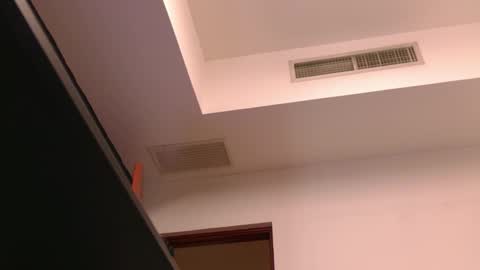 xxyw online show from 03/17/26, 10:51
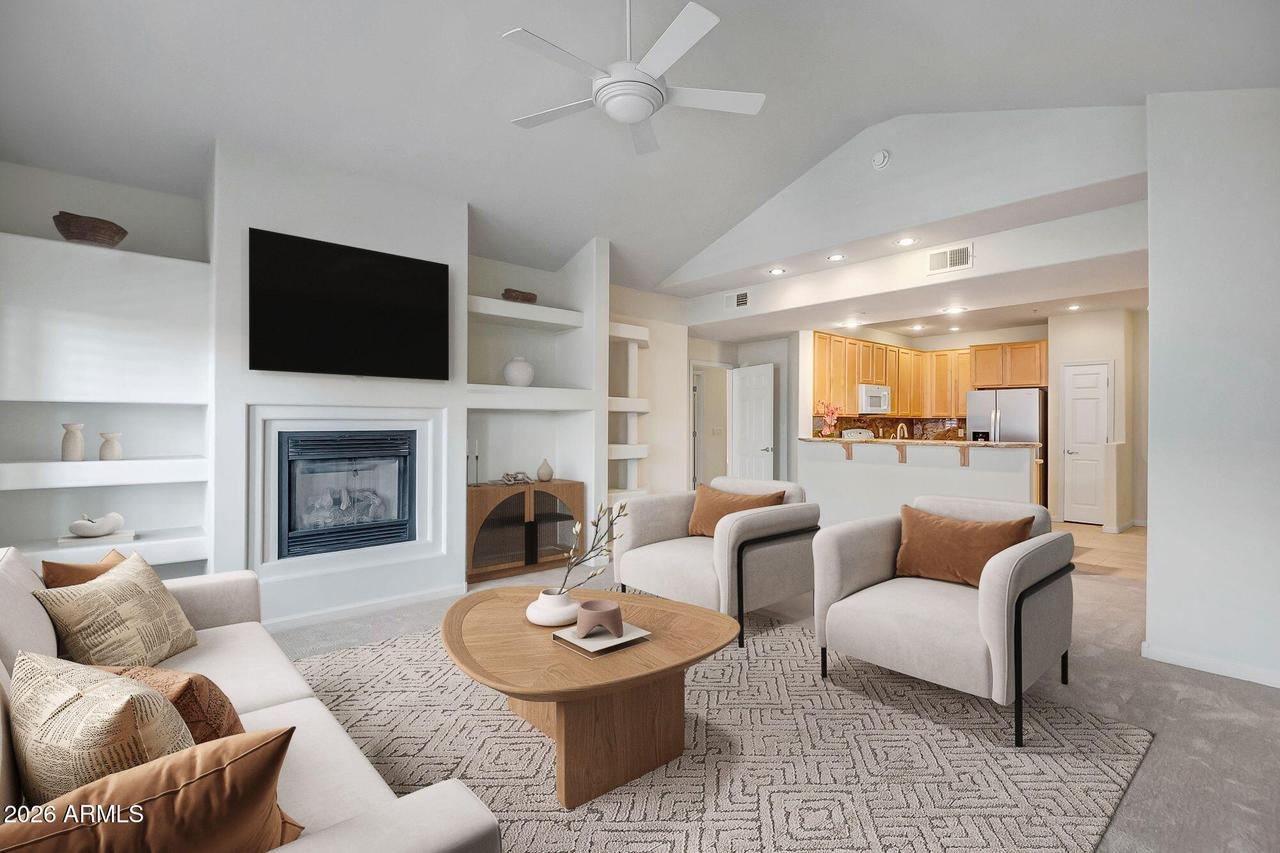14000 N 94th St. #3150, Scottsdale, AZ 85260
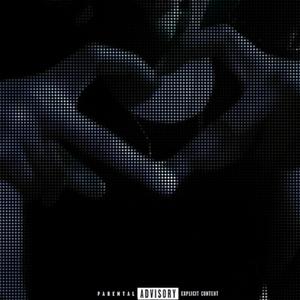 Fall 4 U (feat. 999MARZ) (Explicit)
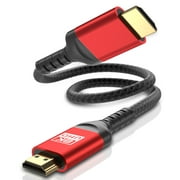 https://i5.walmartimages.com/seo/ALLEASA-8K-HDMI-Cable-Ultra-48Gbps-High-Speed-2-FT-HDMI-Cable-2-Foot-hdmi-Cable-4K-120Hz-8K-120Hz-eARC-HDR10_da883df4-90cf-4fe2-b196-3224125c192b.84a47cb43a2808d5d60e28f9f5a68517.jpeg?odnWidth=180&odnHeight=180&odnBg=ffffff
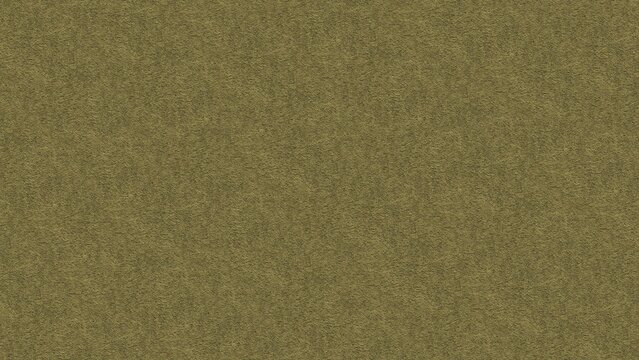 Texture green carpet material fabric 1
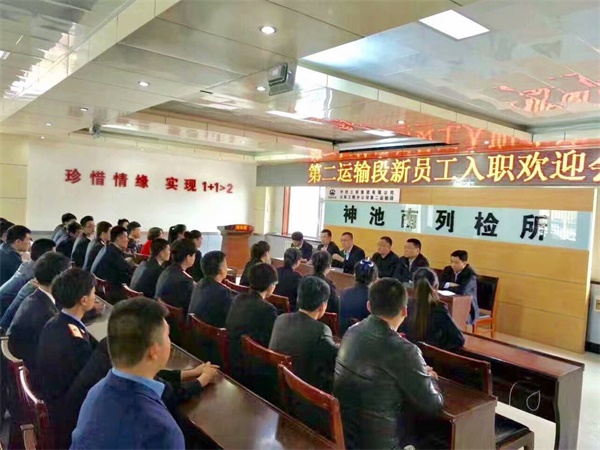 為什么這么多人選擇石家莊路翔鐵路中等專(zhuān)業(yè)學(xué)校? 為什么這么多人選擇石家莊路翔鐵路中等專(zhuān)業(yè)學(xué)校?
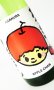 画像2: 阿櫻　もぎたて♡りんごちゃん　720ml 【秋田県】【阿櫻酒造】【日本酒】 (2)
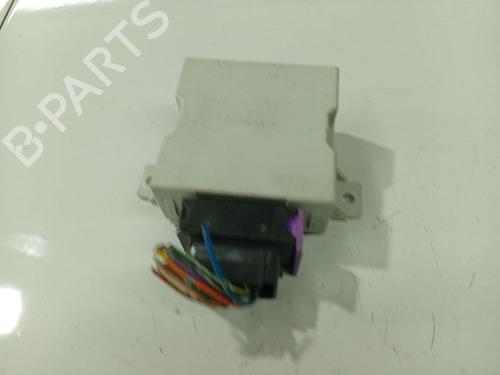 Used Electronic module Electronic module 33097750 33097750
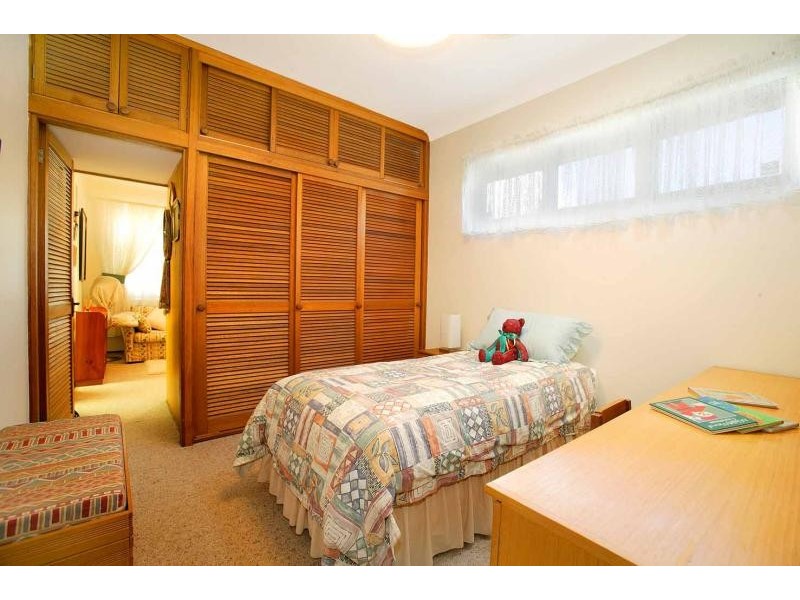 30 Swan Street, Gladesville NSW 2111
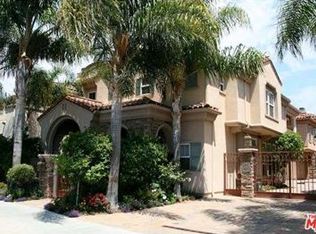 2118 Butler Ave, Los Angeles, CA 90025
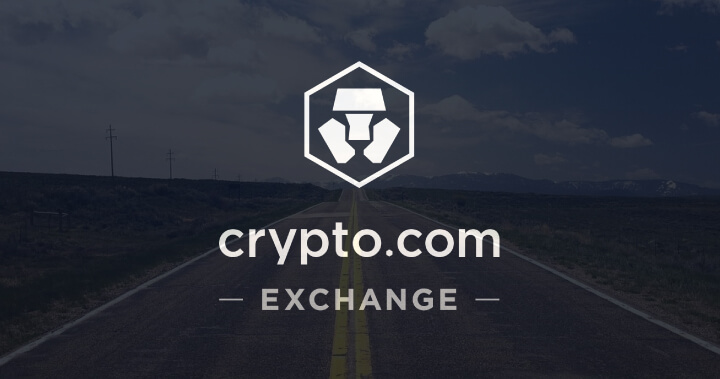 Crypto.com 若走得夠遠，會走到哪裡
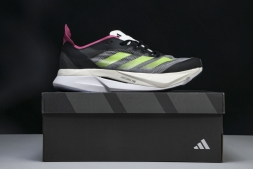 Adidas Adizero Boston 12 M ID6898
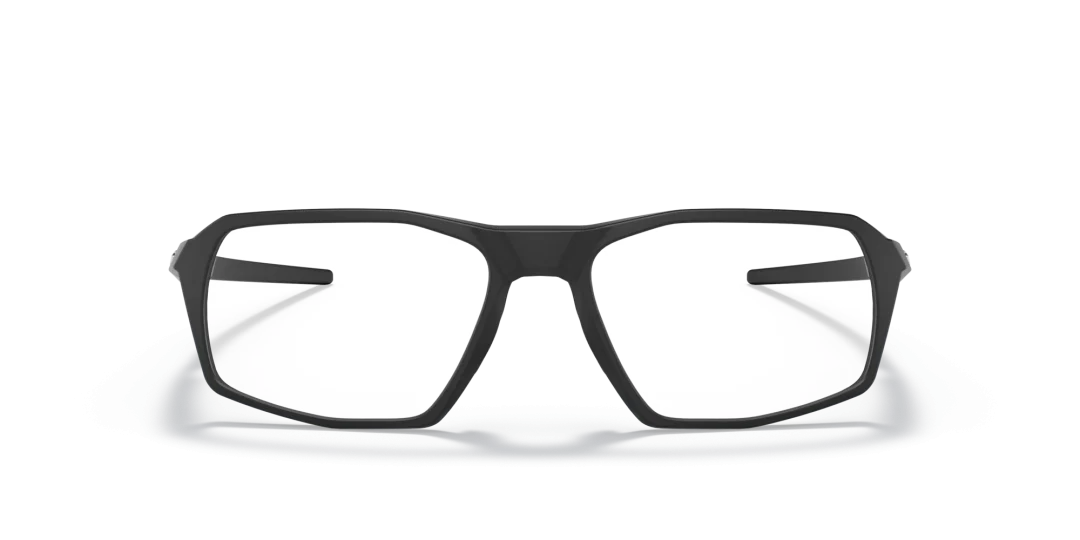 OAKLEY Optical Tensile 0OX8170 817001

++++++

What to do
Drop the pictures, then write out only the lines running from the one containing "画像2: 阿櫻　もぎたて♡りんごちゃん　720ml 【秋田県】【阿櫻酒造】【日本酒】" through the last line above, both included, exactly.

Solution to this problem
 画像2: 阿櫻　もぎたて♡りんごちゃん　720ml 【秋田県】【阿櫻酒造】【日本酒】 (2)
 Used Electronic module Electronic module 33097750 33097750
 30 Swan Street, Gladesville NSW 2111
 2118 Butler Ave, Los Angeles, CA 90025
 Crypto.com 若走得夠遠，會走到哪裡
 Adidas Adizero Boston 12 M ID6898
 OAKLEY Optical Tensile 0OX8170 817001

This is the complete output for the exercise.